The first generation of WebRTC SFUs were mostly unable to adapt video bitrate independently for different participants. In most cases SFUs were just forwarding RTCP feedback from all receivers to the sender. As a result, senders would adapt bitrate to the worst receiver conditions (i.e. lowest estimated bandwidth and worst network QoS) which would then be forwarded to all participants.
Making Video Encoding more Flexible
Typically there are three modalities to layer the quality of a video stream:
- resolution,
- frame-rate, and/or
- encoding quality (quantization).
In a multi-party call, rather than sending the same resolution, frame-rate, and encoding quality to every participant, a better approach is to send distinct streams to each participant along one or more of these 3 dimensions independently. The wise combination of a layered video encoding and SFU-based multiparty video routing, if done properly, allows doing that without the cumbersome cost of MCUs.

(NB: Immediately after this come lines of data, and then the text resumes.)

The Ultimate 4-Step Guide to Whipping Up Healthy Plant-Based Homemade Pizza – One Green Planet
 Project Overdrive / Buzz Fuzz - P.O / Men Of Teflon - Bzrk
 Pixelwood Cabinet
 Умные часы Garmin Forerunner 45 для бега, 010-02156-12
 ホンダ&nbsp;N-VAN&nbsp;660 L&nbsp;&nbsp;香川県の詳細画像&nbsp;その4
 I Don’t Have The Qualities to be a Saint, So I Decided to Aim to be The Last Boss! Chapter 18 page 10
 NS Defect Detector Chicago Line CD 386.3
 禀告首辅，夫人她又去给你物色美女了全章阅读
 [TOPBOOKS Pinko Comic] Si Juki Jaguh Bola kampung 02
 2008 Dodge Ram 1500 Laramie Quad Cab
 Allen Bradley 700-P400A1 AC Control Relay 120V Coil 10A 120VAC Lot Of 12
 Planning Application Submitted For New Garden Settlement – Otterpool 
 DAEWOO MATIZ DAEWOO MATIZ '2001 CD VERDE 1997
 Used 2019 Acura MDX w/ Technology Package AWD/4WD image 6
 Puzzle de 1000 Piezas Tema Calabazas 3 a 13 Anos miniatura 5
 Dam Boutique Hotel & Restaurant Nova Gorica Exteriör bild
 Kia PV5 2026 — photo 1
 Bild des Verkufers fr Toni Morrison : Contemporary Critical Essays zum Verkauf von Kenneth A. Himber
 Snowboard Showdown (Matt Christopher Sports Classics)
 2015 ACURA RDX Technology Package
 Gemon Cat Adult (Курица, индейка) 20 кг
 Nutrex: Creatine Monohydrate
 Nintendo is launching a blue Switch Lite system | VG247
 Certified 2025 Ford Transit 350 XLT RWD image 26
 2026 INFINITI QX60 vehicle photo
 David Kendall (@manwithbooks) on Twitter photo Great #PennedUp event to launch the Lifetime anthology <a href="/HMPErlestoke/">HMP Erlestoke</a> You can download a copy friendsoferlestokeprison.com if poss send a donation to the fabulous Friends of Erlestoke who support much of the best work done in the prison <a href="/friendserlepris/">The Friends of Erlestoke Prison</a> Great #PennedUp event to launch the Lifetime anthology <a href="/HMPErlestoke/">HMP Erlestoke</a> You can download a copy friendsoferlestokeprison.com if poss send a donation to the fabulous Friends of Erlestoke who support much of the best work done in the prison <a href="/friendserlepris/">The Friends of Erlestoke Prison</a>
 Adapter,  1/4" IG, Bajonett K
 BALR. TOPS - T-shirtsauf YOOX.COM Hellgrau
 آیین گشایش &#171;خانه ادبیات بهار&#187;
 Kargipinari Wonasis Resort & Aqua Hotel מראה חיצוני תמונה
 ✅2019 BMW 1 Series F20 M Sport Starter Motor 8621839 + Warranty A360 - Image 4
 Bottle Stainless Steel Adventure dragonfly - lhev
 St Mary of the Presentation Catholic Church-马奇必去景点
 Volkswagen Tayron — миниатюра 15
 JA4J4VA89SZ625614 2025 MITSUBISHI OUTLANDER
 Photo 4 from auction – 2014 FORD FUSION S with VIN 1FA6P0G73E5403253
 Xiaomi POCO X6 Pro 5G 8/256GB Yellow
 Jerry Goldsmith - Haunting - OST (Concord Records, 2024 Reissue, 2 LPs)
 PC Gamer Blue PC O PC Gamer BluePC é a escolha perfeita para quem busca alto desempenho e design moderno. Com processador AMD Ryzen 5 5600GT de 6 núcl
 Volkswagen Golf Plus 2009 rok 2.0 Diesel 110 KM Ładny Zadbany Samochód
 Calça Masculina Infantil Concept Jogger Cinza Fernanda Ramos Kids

In this way, every participant can receive a gracefully degraded version of the original full quality stream depending on their needs and capabilities.
Simulcast
Simulcast describes the approach where you have different independent versions of the same stream with different resolutions sent simultaneously from the same endpoint. Typically, in simulcast/scalability-based platforms one encodes and transmits a set of qualities (resolutions + frame-rates) covering a range from a base minimal quality up to the highest necessary quality for the use case.
With all available streams, the SFU can then decide which quality (i.e. which packets) to forward to each participant, as shown in two examples in the next figures.
Scalable Video Coding
When qualities are not independent like in simulcast, but depend on each other (higher quality requires lower quality to decode), we call it, more generally, scalable video. Scalable video usually comes in the form of an embedded bitstream structured in layers, allowing to select and/or decode more or less of them. Depending on the number of dependent layers picked, one gets different qualities from it. If the stream includes multiple dependent layers allowing to decode different resolutions it is called spatial scalability. In the case where layers imply a reference dependence among frames allowing to decode different frame rates, this is known as temporal scalability. Finally, if layers allow to decode more or less bits from quantized data (e.g. predictive residue), this is known as quality scalability.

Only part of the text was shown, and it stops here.